When I got to CNBC in July 2006, I knew I'd have to get to know Mark Haines. And boy did I.
Over the years, I learned this about Mark: He was who many of you would have been if you had been on our air. He was the guy who asked the uncomfortable questions, who loved to do what anchors never do — tell his audience what was in the prompter — and why, sometimes, he didn't want to read it. In doing so, he peeled back the curtain and let the audience in on the act. That's one of the reasons why they loved him.
Over the years, I couldn't wait when Mark introduced my segment. Because I knew that he was going to give his own take on it. In live television, viewers love when things are unpredictable, when things don't go as planned. Mark would make sure that happened.
Like the time when I had Electronic Arts' Peter Moore on to talk about why the company was sticking with Tiger Woods. In the middle of my interview Mark says to Peter something like, "If Tiger killed someone, would you still have him on your cover?"
I walked off the set stunned.
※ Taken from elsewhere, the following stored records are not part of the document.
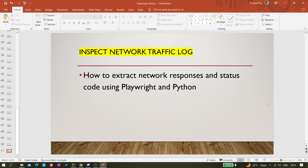Hi all, welcome back to the channel. Today in this video we'll be learning about how we can inspect network traffic logs using Playwright and Python. Basically, we are trying to extract network responses and status codes using Playwright and Python.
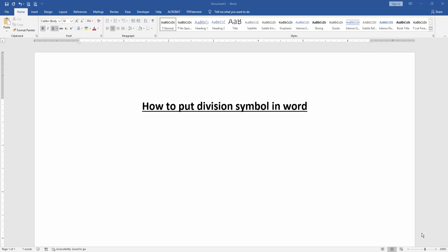Firstly, we have to open a Word document. Then we want to put a division symbol. Click on the page, then go to the Insert menu.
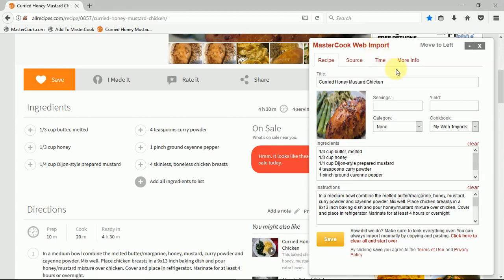You can do some further editing here. Let's say I wanted to add four servings—I can do that here—and then you can do further edits as you want.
I had to do some crisis management with the folks at EA. Why did Mark ask that question. Because it was what popped into his damn head. Not many people in our business are willing to do that. To think of something totally unfiltered and let it come out of their mouth.
Then there was this year's Opening Day, when I went to interview Dave Howard, the executive vice president of business operations for the Mets, a team that Haines had been a fan of since the first day in 1962. With the Mets in the worst position they've been in a long time, I knew Haines was going to have some tough questions from the fan perspective. Sure enough, it happened.